"""
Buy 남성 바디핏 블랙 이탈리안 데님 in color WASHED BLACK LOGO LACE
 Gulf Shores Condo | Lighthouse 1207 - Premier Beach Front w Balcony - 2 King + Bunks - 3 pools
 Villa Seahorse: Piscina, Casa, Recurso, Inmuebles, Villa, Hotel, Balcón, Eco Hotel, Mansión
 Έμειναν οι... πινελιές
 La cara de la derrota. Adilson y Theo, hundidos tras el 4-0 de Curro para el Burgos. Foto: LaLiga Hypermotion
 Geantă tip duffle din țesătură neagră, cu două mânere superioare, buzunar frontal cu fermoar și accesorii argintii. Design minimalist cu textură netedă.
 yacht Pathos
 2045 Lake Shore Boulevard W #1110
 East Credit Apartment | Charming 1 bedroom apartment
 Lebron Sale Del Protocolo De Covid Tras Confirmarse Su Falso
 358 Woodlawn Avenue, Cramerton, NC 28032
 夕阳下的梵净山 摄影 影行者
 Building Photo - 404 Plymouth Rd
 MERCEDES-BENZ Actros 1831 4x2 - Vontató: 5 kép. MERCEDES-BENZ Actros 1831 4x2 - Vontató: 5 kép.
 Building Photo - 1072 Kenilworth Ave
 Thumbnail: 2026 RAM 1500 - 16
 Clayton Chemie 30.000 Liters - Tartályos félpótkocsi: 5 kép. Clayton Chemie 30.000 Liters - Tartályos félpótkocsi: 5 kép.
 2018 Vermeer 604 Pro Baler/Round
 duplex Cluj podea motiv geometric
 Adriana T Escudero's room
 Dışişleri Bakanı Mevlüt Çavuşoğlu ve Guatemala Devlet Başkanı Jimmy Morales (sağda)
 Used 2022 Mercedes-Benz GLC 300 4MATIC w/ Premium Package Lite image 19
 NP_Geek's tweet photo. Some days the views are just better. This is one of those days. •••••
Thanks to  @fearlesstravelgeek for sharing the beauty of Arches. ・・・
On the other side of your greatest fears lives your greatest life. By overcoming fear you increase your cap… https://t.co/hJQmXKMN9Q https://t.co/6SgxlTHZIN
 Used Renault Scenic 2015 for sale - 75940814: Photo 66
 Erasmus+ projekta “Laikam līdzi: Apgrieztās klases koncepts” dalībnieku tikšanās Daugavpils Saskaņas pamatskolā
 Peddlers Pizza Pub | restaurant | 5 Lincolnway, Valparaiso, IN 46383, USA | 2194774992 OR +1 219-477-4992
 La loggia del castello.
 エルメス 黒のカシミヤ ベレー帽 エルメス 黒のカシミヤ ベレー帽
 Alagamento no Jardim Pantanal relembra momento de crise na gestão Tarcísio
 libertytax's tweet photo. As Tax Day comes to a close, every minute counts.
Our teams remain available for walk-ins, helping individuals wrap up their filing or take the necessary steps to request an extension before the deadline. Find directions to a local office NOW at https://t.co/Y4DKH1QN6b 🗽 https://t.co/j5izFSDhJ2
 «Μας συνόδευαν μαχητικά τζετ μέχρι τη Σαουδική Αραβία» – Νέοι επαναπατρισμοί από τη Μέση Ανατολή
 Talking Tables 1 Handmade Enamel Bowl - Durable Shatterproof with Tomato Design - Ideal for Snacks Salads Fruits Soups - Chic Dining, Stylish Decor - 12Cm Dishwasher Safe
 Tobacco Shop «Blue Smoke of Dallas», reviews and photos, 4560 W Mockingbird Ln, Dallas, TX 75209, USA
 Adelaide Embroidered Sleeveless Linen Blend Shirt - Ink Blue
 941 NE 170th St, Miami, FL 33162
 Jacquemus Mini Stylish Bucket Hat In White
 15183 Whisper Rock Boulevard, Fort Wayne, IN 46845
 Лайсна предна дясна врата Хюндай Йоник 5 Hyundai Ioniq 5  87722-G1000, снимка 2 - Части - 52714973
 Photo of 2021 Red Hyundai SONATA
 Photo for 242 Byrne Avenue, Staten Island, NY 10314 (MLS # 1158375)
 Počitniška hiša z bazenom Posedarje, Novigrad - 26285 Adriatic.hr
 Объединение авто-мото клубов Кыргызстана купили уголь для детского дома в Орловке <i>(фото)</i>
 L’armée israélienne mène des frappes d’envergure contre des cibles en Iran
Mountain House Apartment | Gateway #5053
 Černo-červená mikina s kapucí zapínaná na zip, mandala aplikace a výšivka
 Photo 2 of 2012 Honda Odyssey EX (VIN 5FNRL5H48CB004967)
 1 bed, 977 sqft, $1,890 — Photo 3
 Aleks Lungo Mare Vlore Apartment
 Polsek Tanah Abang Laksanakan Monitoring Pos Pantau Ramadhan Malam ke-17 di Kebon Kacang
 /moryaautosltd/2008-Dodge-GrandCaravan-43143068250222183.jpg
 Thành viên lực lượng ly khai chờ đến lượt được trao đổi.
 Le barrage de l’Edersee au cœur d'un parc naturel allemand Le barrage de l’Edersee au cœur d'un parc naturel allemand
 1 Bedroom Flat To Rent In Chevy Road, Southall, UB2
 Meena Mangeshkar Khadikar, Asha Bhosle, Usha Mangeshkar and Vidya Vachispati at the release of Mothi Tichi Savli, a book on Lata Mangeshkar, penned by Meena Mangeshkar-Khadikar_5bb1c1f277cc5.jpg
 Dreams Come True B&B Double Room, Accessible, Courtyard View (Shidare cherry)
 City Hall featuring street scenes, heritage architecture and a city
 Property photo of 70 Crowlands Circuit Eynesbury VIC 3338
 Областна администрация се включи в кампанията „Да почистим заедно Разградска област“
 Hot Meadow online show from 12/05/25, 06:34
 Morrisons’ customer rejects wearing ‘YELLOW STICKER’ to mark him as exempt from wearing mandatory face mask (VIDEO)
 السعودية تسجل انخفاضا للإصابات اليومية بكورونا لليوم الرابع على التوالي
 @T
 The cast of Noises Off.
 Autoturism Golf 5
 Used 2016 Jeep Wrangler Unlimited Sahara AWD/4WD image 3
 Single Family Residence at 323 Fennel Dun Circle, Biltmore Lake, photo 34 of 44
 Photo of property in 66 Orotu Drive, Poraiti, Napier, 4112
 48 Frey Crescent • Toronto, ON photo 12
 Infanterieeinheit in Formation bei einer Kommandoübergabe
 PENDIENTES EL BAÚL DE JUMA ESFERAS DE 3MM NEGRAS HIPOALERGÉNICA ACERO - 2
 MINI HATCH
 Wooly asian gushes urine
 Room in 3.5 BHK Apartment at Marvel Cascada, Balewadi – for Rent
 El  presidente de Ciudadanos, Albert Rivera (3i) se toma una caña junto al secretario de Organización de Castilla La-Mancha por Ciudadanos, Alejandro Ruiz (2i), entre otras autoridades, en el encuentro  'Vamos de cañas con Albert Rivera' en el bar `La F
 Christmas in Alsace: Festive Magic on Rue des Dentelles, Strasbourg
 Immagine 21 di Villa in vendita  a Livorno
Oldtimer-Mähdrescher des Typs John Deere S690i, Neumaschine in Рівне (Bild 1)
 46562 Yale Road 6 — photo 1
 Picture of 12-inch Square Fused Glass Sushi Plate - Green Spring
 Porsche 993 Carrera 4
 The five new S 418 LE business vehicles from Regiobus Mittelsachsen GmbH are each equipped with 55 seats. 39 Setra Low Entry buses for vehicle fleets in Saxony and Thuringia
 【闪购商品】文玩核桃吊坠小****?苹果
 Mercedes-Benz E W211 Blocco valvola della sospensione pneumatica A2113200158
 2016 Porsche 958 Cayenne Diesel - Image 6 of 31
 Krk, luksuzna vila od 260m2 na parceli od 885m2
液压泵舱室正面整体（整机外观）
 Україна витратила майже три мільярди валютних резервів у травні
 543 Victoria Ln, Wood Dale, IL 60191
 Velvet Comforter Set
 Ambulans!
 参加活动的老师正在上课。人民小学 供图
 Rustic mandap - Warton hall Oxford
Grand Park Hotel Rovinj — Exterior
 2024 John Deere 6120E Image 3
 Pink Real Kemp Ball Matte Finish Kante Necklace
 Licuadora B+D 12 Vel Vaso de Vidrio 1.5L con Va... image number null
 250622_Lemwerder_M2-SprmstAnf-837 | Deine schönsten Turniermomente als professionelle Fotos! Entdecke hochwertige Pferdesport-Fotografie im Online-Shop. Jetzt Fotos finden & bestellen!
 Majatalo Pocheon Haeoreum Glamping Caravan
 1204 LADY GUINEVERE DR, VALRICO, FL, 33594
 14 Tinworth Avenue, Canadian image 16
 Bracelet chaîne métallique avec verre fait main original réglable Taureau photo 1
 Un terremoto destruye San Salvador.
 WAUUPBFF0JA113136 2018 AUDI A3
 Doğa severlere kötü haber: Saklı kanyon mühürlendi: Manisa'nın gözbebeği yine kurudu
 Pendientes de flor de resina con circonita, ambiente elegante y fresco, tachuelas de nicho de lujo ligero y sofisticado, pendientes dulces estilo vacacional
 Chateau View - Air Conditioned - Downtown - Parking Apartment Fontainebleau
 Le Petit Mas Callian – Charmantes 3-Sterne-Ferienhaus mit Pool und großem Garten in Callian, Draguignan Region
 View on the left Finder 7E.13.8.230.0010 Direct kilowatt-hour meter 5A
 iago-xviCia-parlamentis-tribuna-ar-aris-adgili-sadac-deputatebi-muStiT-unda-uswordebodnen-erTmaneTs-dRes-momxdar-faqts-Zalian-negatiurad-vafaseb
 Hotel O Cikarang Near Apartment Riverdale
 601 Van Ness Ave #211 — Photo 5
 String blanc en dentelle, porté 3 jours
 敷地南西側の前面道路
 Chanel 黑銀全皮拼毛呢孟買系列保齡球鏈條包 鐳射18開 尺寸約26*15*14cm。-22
"""
WORK REQUIRED
Across the listing above, tally the lines that include "Villa". Only the total is wanted.

OUTPUT FOR THIS EXERCISE
2